Residents in Beijing’s outlying areas are experiencing power and water cuts as resources are siphoned into the capital for the Olympics, sources say. Several Chinese-language chat rooms in the Mainland are buzzing with reports from residents in surrounding areas such as Hebei and Shandong, claiming they have been subject to rolling blackouts and extremely decreased water pressure since the Games kicked off.

One village near Beijing with a population of around 20,000 people, has reportedly been suffering from severe low water pressure for more than two months. Residents said it was so bad that it could take as long as three hours to fill a bucket.

They said they were fobbed off by Chinese officials who claimed that it was a result of old water pipes and old pluming. One user mentioned that 80 percent of people in Datong City, Shanxi Province were experiencing water outages.

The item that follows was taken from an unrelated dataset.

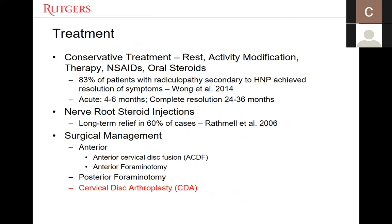Most patients see acute improvement within four to six months, though complete resolution can take between 24 and 36 months. Selective foraminal or epidural steroid injections have been shown to provide long-term relief in as many as 60% of cases. However, about 25% of patients have symptoms refractory to all conservative measures and ultimately opt for surgical management. The workhorse for most of these procedures is the ACDF — anterior cervical disc fusion — though other options include an anterior posterior foraminotomy as well as cervical disc arthroplasty, which I'll spend the remainder of my talk discussing.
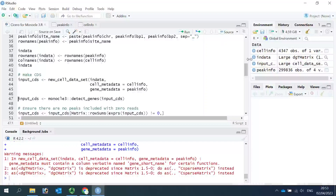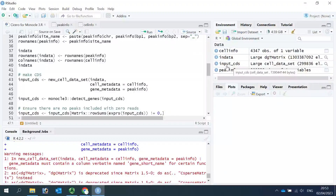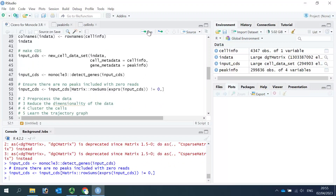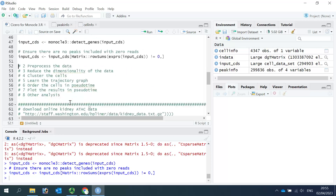You can see in the data window we have a CDS object named 'input_CDS' — it is a large cell dataset. Now we can use the detect_genes function in the Monocle3 package to detect all genes that have expression above the threshold, and make sure there are no peaks with zero rates included in the CDS object. The data is now ready for preprocessing, dimension reduction, and cell clustering — after that, we can perform the trajectory analysis.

Also mentioned were Shandong Province and Shijiazhuang and Renqiu City in Hebei Province.

“I’m in Shandong. Our electricity is already cut off from 8 am to 6 pm, it only comes back for a couple of hours during lunch. We’ve gone insane in this hot weather, sitting on the sofa all day doing nothing,” lamented one Mainland chat room user. Other Internet posters said Shandong Province were experiencing outages from early morning until late evening, with only a few hours access around lunchtime each day.

Shandong Province, also home to around 10,000 Korean businesses, makes up close to 25 percent of China’s Korean business population, according to a report in the Korea Times August 10. The firms are currently suffering from an unprecedented shortage of electricity and power transmission in several major cities, the report said. The newspaper added that Chinese authorities had told businesses that they were considering rationing electricity in other areas to supply extra power to Beijing.

Samsung Electronics is currently suspending their printer production plant in Weihai three days a week due to insufficient power, while a Doosan Infracore plant in Yantai received notification at the beginning of the month that they would lose power four days a week during the Olympics.

Beijing now has 38 golf courses that require daily irrigation, more than 600 hectares of Olympic Forest Park that requires a vast amount of water, and a huge variety of massive water fountains to serve as tourist attractions.

Beijing already has an over-extended water supply, and with an estimated 30 percent increase with an influx of Olympic visitors, the regime has struggled to provide solutions. The fast-tracking of a segment of the US$60 billion South-North hydro-engineering project lagged behind and the regime was forced to focus their efforts on the northern-most leg of the project—forcing neighbouring Hebei and Shanxi provinces to ration “back-up” water to supplement river and rain sources.

The project has targeted over 300,000 Chinese citizens with resettlement and intends to create three man-made rivers to carry 40 billion cubic meters of water from Southern China to Northern China. The regime plans to make alterations to the Imperial Grand Canal built in the Sui Dynasty nearly 1500 years ago and cut both tunnels and canals into the Tibetan plateau. It also plans to carry more than 150 million cubic meters of water from the Yellow River to a dried up lake bed south of Beijing.

The Yellow River which has been a central, life-giving artery for the Chinese people since ancient times, has currently become so over-used that it sometimes runs dry before reaching its estuary on the East Coast.

The scheme has piled pressure on Hebei Province, sundering it with 309 km of canals and pipelines. The province supplies Beijing with approximately 80 percent of its water, despite having suffered from a decade-long droughts and bring one of China’s most water-lacking provinces.

China’s regime has also been blamed for poor construction blueprints that were hastily designed, resulting in engineers often striking underground water that they did not anticipate—then simply pumping the water away, causing nearby wells to dry up. Several wells in Hebei are currently at depths of up to 120 meters, nearly double that of a decade ago.

In rural Baoding City, an area which has been crossed in several places by the project, as many as 31,000 residents have lost both land and homes, according to the city’s water office. In September, a Baoding City official remarked that local farmers were angry because bridge construction to aid crossing the canal had been repeatedly delayed while ruined irrigation systems remained unrepaired.